Alongside the classic club competition, there is a large group of padel players in the Netherlands who are active in a way that's harder to count: through meet-and-play, open sessions and casual pickup matches. The KNLTB/EY study shows that more than 333,000 players use this kind of flexible format.
They don't appear in any membership register. They don't play a fixed competition night. But they are there, week after week, on their own schedule.
Who are these players?
A large share of padel players play fewer than five times a year. They're enthusiastic about the sport, but not willing or able to commit to a fixed structure. A demanding job, a family, an irregular schedule. The sport fits into their lives, but a set competition slot doesn't always.
That's not a problem with the sport, it's simply a fact about the audience. And it's a fact that clubs can either do something with, or ignore. The clubs that act on it find that it pays off.
What flexible formats mean for clubs
A ladder competition is a great fit for these players. Not because it's more casual, but because it's competitive on their own terms. Teams play whenever it suits them, within the rules of the competition. There's a ranking, there's something at stake, but there's no mandatory Tuesday.
Clubs that offer a ladder alongside their fixed group competition reach a broader audience. Players who wouldn't sign up for a season-long competition sometimes do sign up for this. They get involved, play more often than they otherwise would have, and over time become familiar faces.
The risk of doing nothing
Clubs without a flexible offering miss out on players who are willing but can't fit into the existing structure. Those players end up playing somewhere else, or stop altogether. They're not lost to the sport, but they are lost to the club.

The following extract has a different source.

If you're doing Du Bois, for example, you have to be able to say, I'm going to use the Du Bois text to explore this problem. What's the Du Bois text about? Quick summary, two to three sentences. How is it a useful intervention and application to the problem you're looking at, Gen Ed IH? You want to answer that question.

That's no reason to scrap the fixed competition. It has its own value, especially for the core of committed members. But it is a reason to look at whether there's room for a layer alongside it, for people with different needs.
Getting started in practice
Setting up a ladder competition doesn't have to be complicated. A list of teams, rules about who can challenge whom, and a way to keep track of results. It works even with a small number of participants and grows on its own once players start enjoying it.
What makes it harder is keeping track. Who has already challenged whom? What's the current standing? Keeping it by hand works up to a certain size. After that you need something that does it for you, so the club spends its time on the sport instead of the admin.